Unfortunately, his next moves were Christine, Starman, Big Trouble in Little China, Prince of Darkness, They Live, Memoirs of an Invisible Man and In the Mouth of Madness. Some of them were pretty good, some underrated and some godawful. Still, I went to see them all because Carpenter’s name was above the titles. But, like being an Atlanta Falcons fan, I was disappointed just as often as I was pleased. There were even a few occasions where I found myself defending some of these films simply because my favorite director was responsible (such as Memoirs & Big Trouble, which are actually kinda shitty).

"Goddammit, stop sexting me!"
But I never gave up on the man. Surely he had another great film in him…maybe even his greatest film, after he announced he’d be helming Escape from L.A., a belated, big-budget sequel to one of his all-time cult classics. For me, this was huge; Snake Plissken, my favorite anti-hero, was coming back to the big screen.

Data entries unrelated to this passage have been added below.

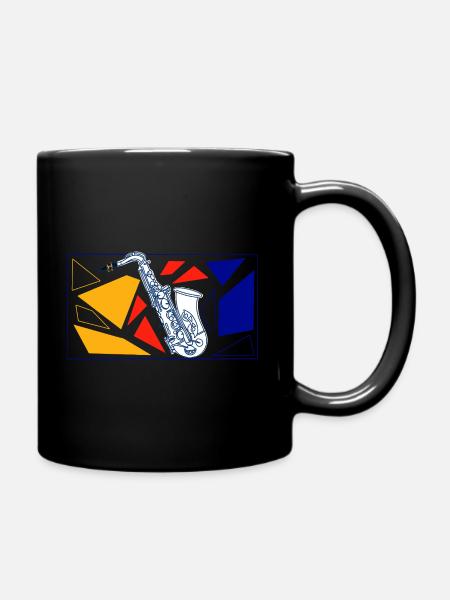 Saxophone Pop Art - Full Colour Mug - black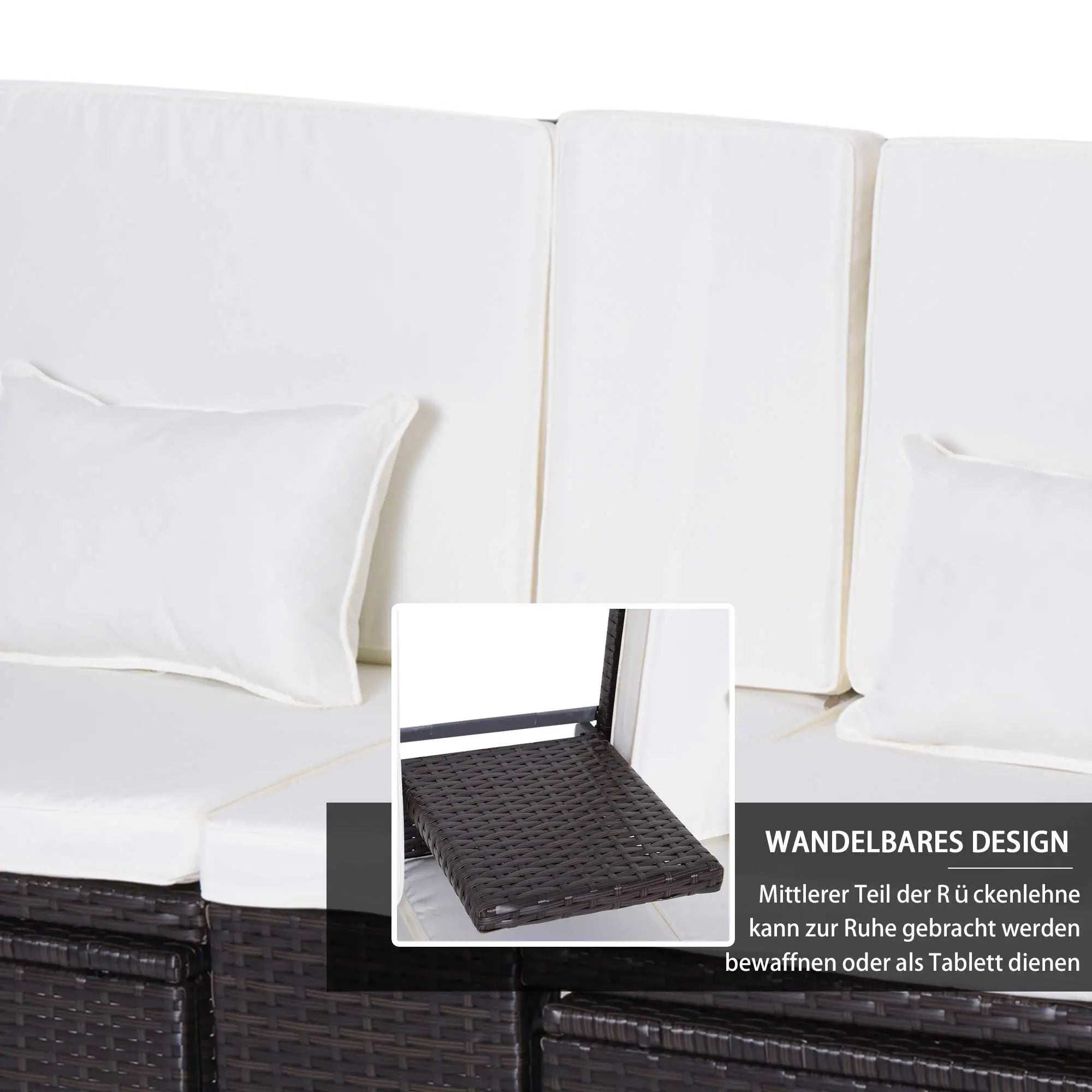 Outsunny Set Divano da Giardino 3 Pezzi in Polyrattan con Poggiapiedi e Cuscini, per Esterno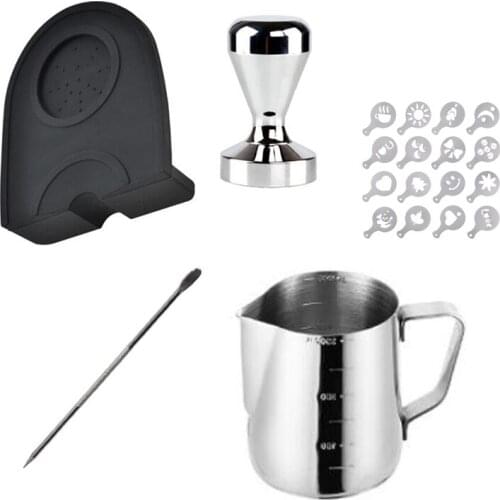 BMBY-Set of Espresso 51MM Coffee Tamper Mat Silicone Rubber Tampering Corner Mat Coffee Maker with 350ML Milk Jug and Art Pen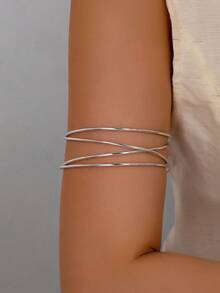 1 Pc Silver Color Simple Metal Wire Cross Arm Cuff Bangle Bracelet For Women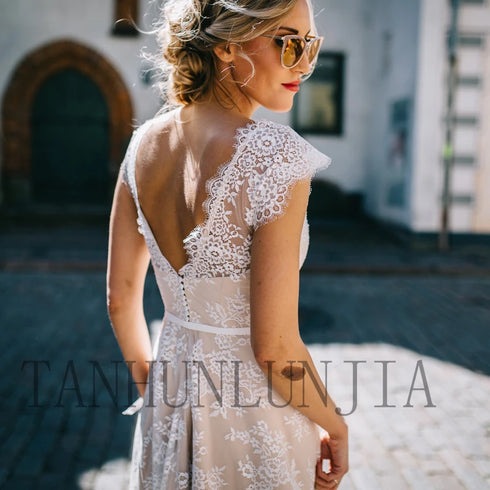 Customized Vintage Champagne Lace Bohemian Wedding Dress A Line Cap Sleeve Sexy Backless Bridal Gown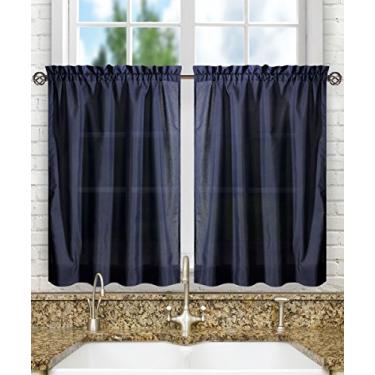 Imagem de Cortina Ellis Stacey sob medida par cortinas de cortina, 142 cm x 91 cm, azul-marinho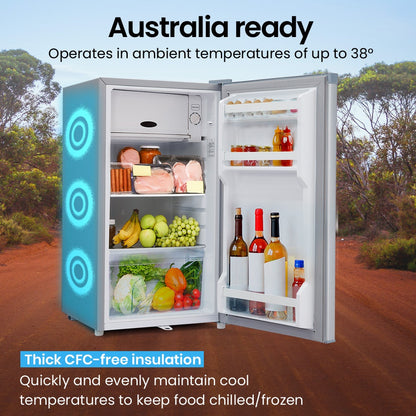 GECKO 95L Portable Upright Fridge and Freezer, 12V/24V for Camping, Caravans, Silver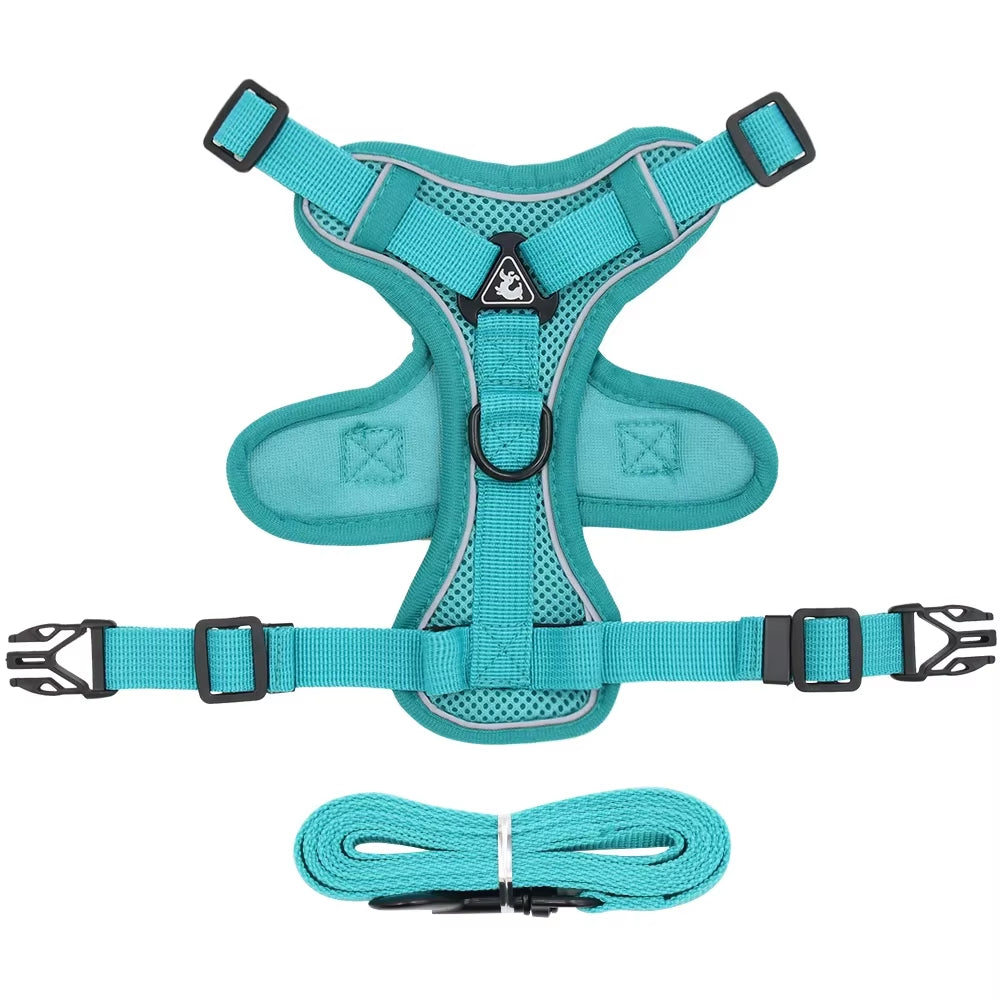 Cat Harness and Leash Set Escape Proof, Breathable Reflective Adjustable Kitten Chest Strap Pet Supplies for Outdoor Walking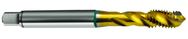 12-24 2B 3-Flute Cobalt Green Ring Semi-Bottoming 40 degree Spiral Flute Tap-TiN - Eagle Tool & Supply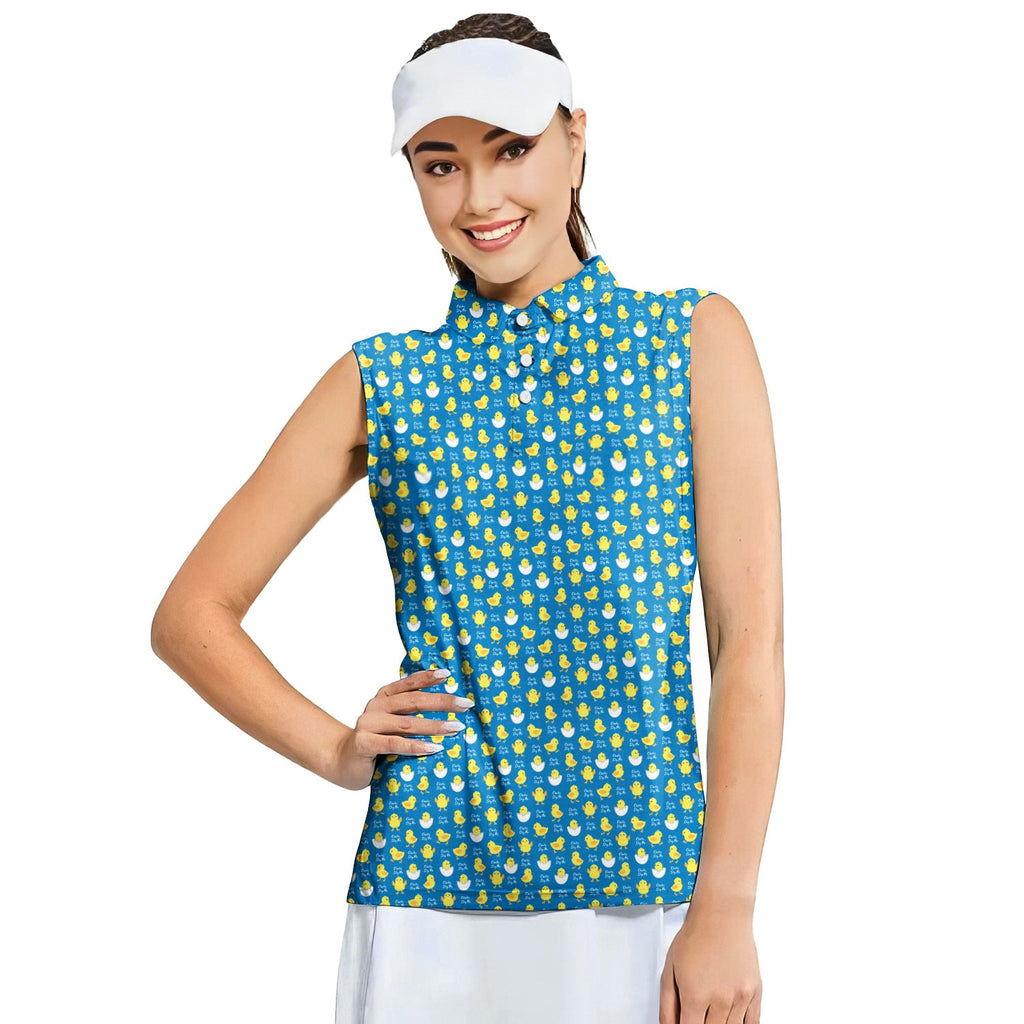 Chicks Dig Me Easter Eggs-Women Sleeveless Polo Shirt-Gerbera Prints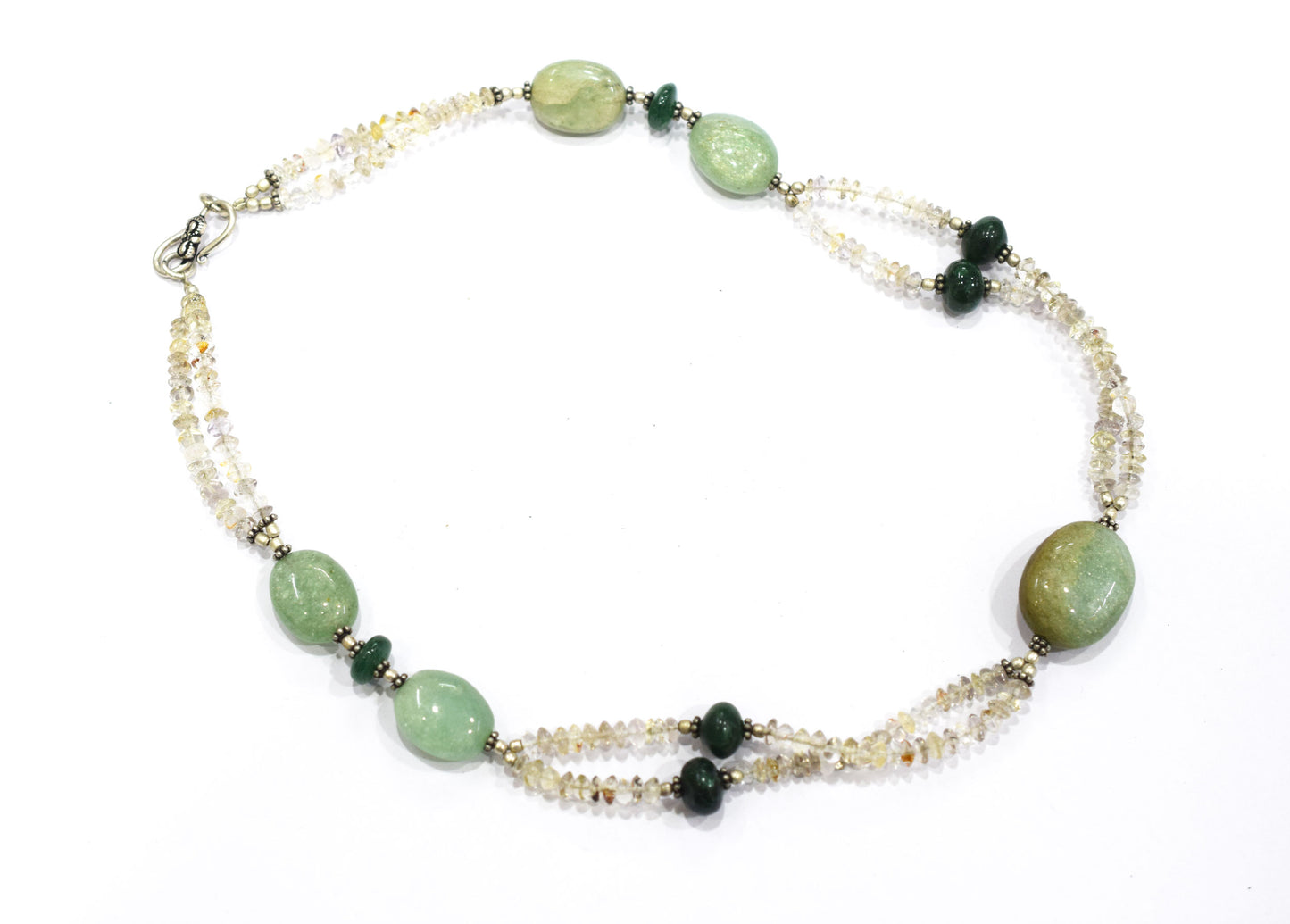 Natural Green Aventurine and Smoky Quartz Necklace Set - Multi-Strand Statement Choker with Drop Earrings - Handmade Boho Tribal Beaded Jewelry Gift for Her,32975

Keeping tabs on its production through the internet and movie magazines, this was as exciting as when the Atlanta Falcons kept winning and, despite Vegas odds makers, landed themselves in the Super Bowl in 1998.

But my beloved Falcons got slaughtered by the Denver Broncos in the Super Bowl, prompting some to believe the Minnesota Vikings (the team Atlanta beat in overtime during the NFC championship) would have been a more formidable opponent. Even though Denver was already heavily favored to win, I was still a bit heartbroken, though not-at-all surprised. After the game, because of Atlanta’s inconsistent history, I wondered how long it would be before they got another shot at the Lombardi Trophy.

Similarly, when I took my wife to see Escape from L.A. on opening night, even though I went in thinking it was John Carpenter’s chance to return to the directorial greatness of his early-80s heyday, I wasn’t really surprised that the film ended up being an unimaginative retread of the original, loaded with phony CGI and campy self-parody (Oh, God, Snake surfing down Wilshire Boulevard?). Still, even though it’s an amusing send-up of Escape from New York, I have to admit Carpenter essentially shit all over the legacy of one of his most beloved films (but Russell, reprising his role as Plissken, is still fun as hell). Like the Falcons, Carpenter once-again dropped the ball.

I still root for them both, though. Carpenter hasn’t made a decent movie in nearly two decades (nor a great one in over 30 years), and maybe he simply lost his mojo. The Falcons sometimes make the playoffs, sometimes they don’t, and I wonder if they’ll ever actually make it to the Super Bowl again in my lifetime, much less win it.

But I remain a die hard fan because I’m loyal, and true fans stick around through good times and bad. Mom and Dad taught me that.